Short descriptive text snippets:

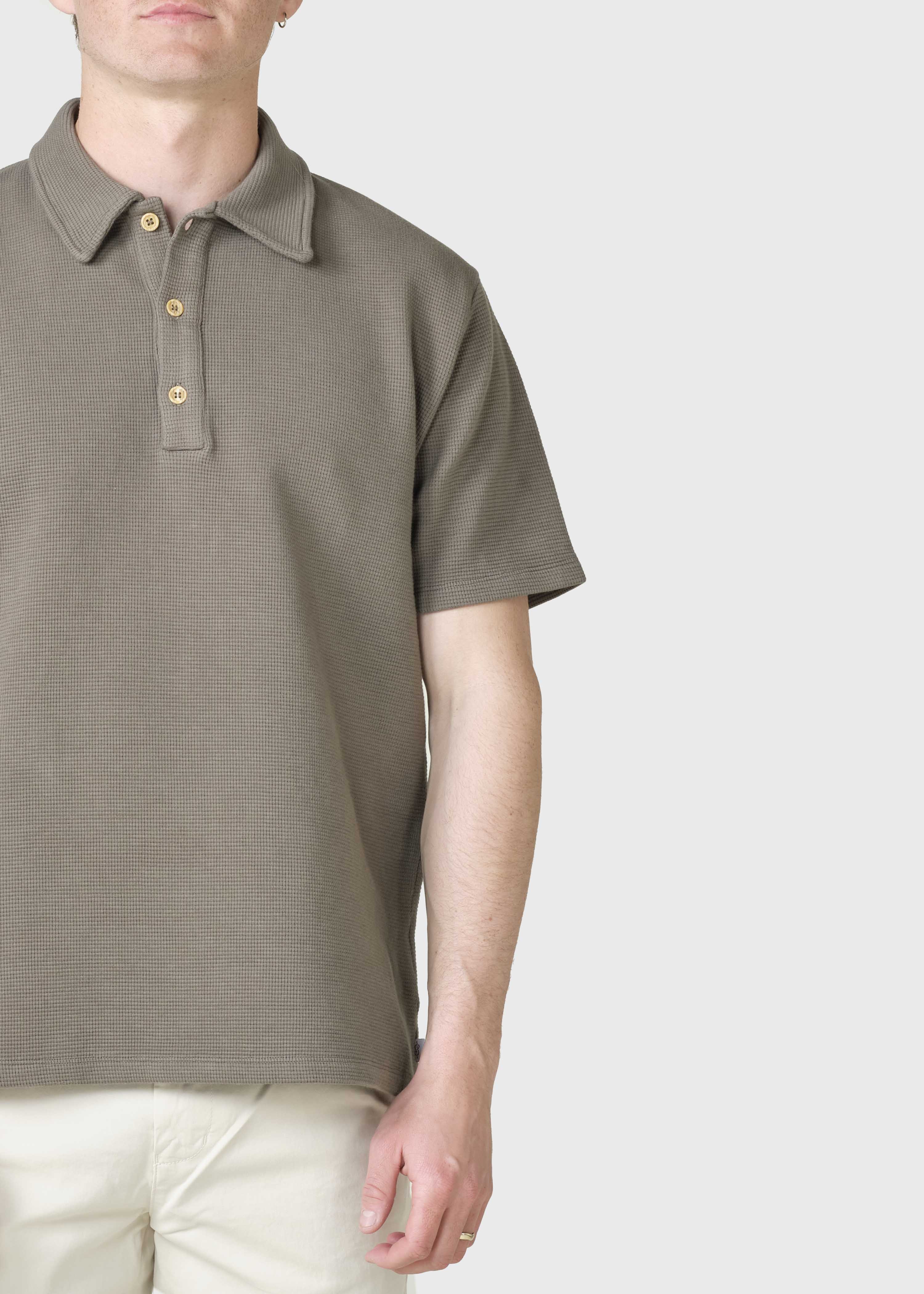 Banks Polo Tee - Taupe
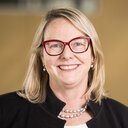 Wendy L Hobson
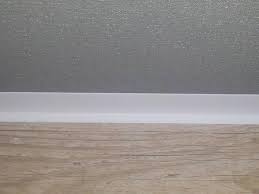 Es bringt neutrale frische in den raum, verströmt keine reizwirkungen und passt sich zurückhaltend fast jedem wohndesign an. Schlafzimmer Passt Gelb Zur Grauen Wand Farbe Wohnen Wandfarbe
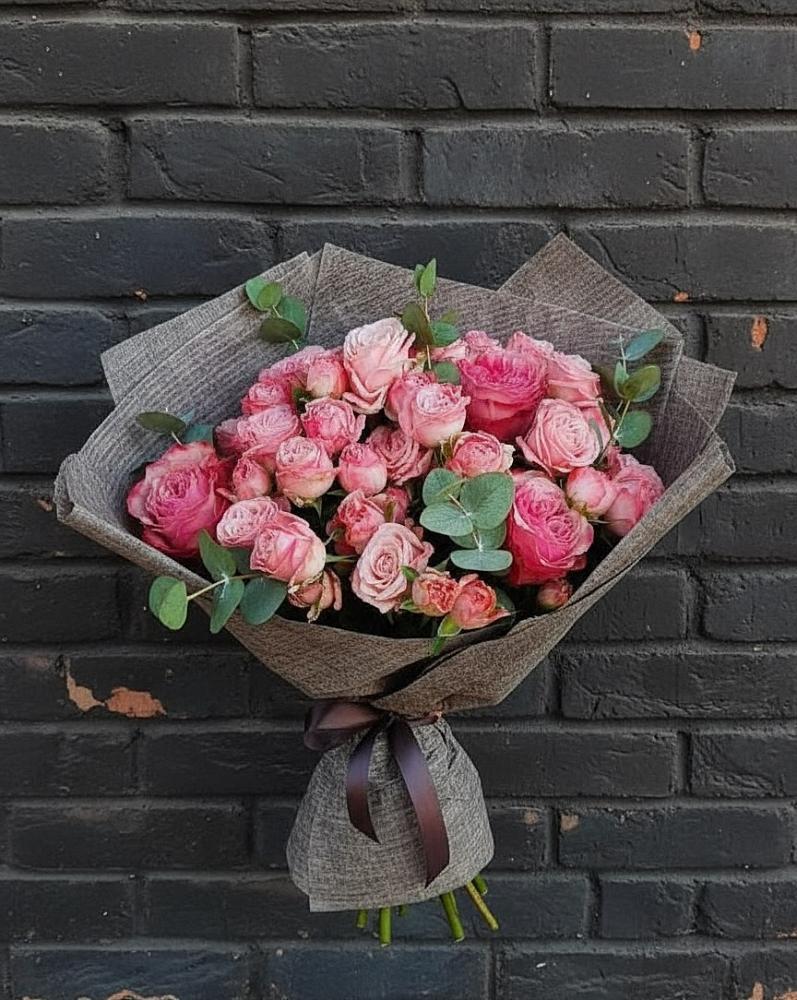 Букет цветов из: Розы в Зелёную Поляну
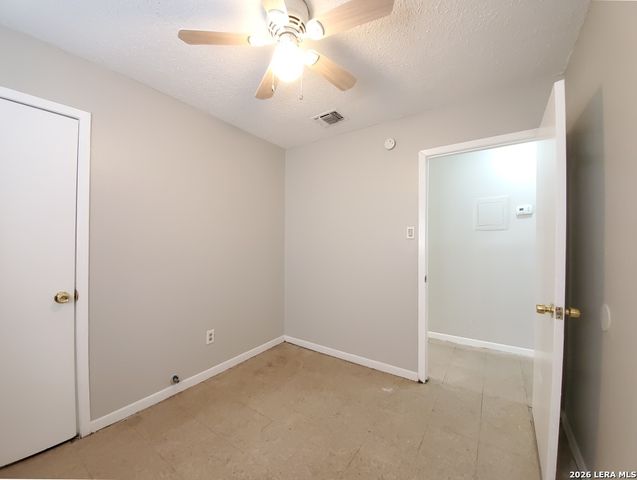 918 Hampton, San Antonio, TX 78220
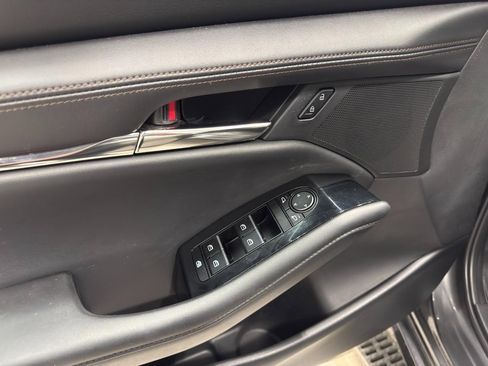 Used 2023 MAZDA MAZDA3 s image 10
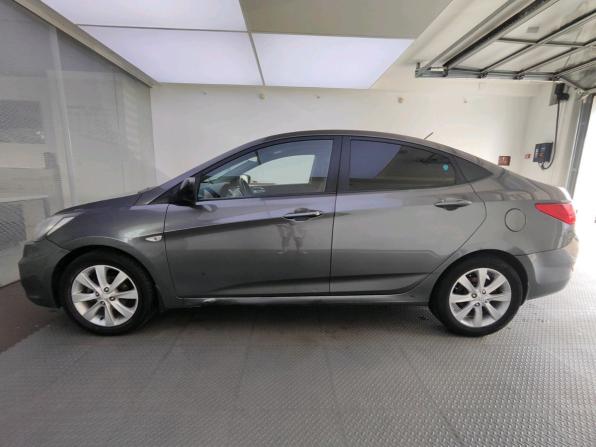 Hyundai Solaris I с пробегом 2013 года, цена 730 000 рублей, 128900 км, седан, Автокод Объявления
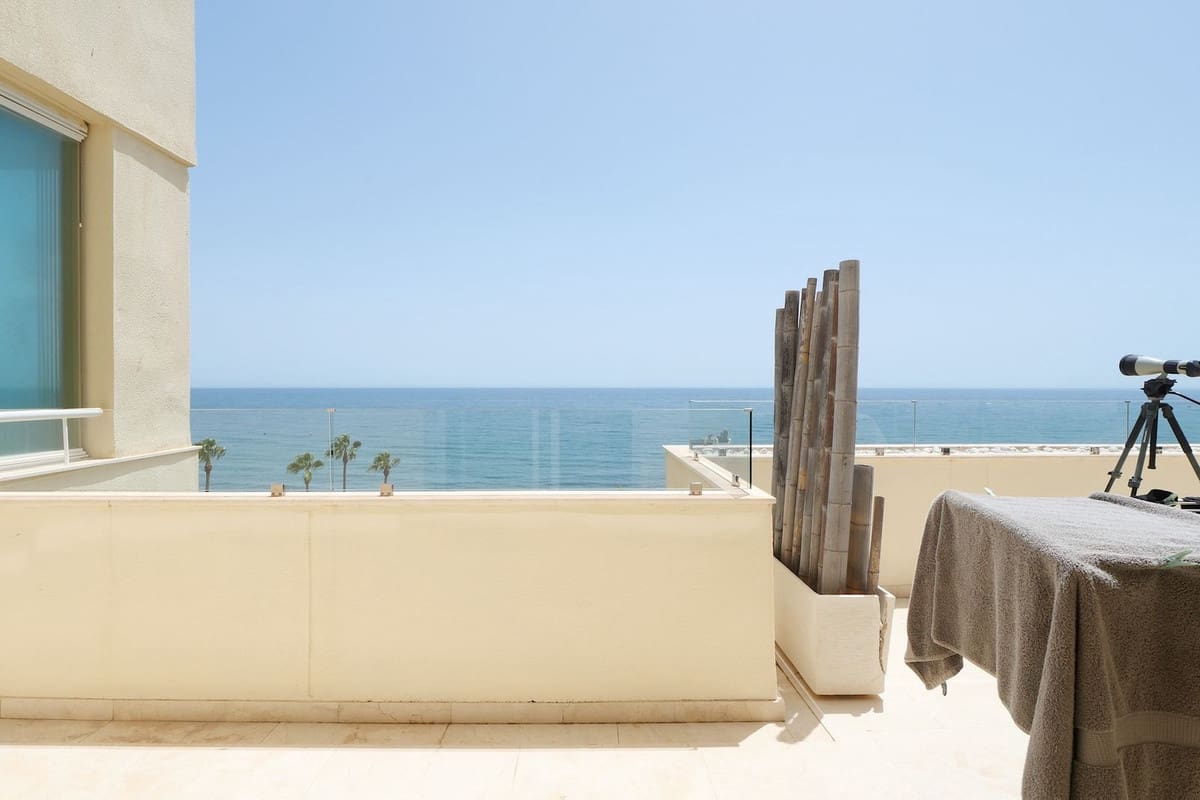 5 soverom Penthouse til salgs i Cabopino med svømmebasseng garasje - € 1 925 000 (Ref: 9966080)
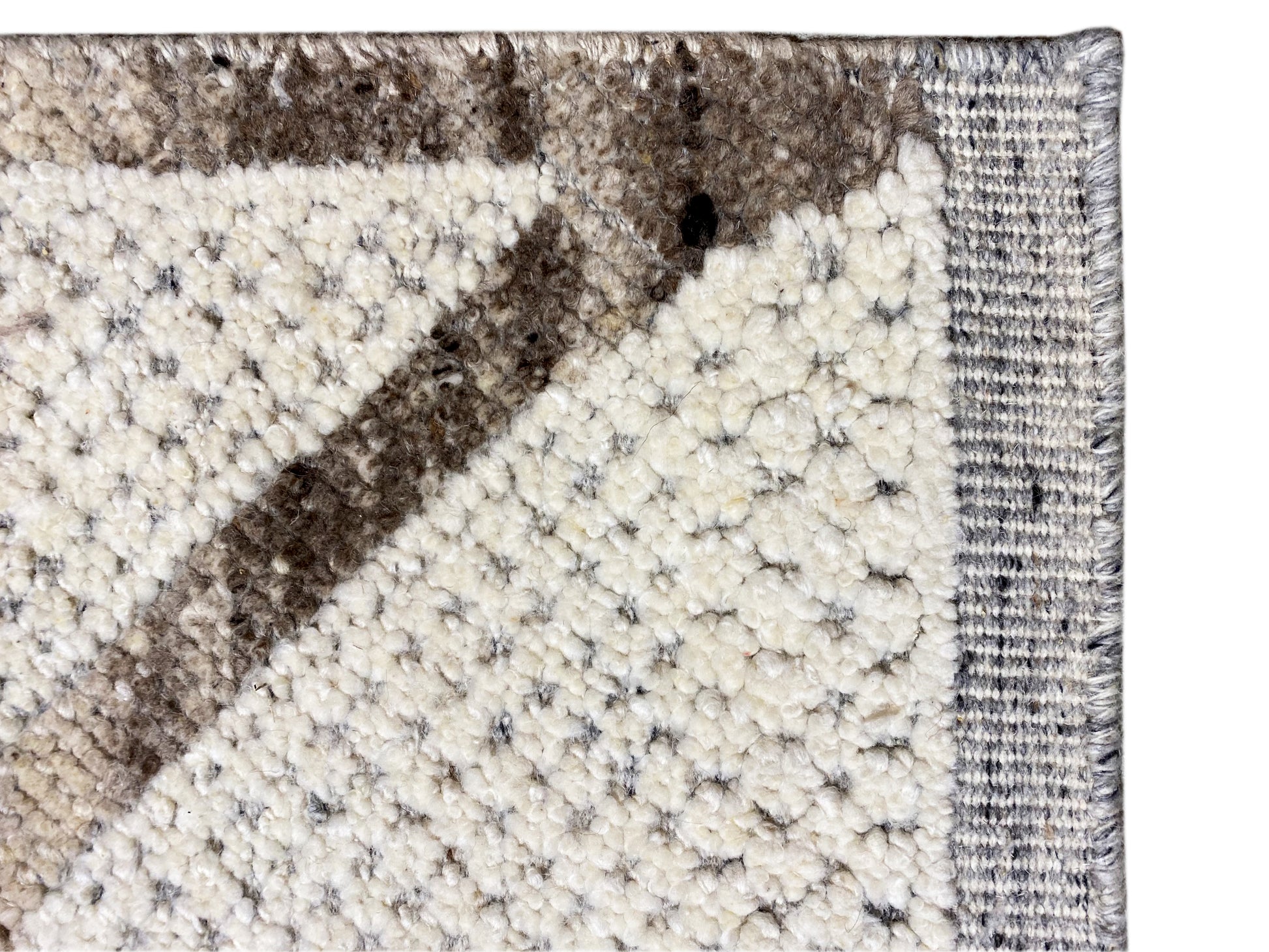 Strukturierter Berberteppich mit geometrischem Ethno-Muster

THE PROBLEM >>
Starting at the line that contains "918 Hampton, San Antonio, TX 78220", restate every line through the end of the records exactly as written, but leave the pictures out.

RESULT >>
 918 Hampton, San Antonio, TX 78220
 Used 2023 MAZDA MAZDA3 s image 10
 Hyundai Solaris I с пробегом 2013 года, цена 730 000 рублей, 128900 км, седан, Автокод Объявления
 5 soverom Penthouse til salgs i Cabopino med svømmebasseng garasje - € 1 925 000 (Ref: 9966080)
 Strukturierter Berberteppich mit geometrischem Ethno-Muster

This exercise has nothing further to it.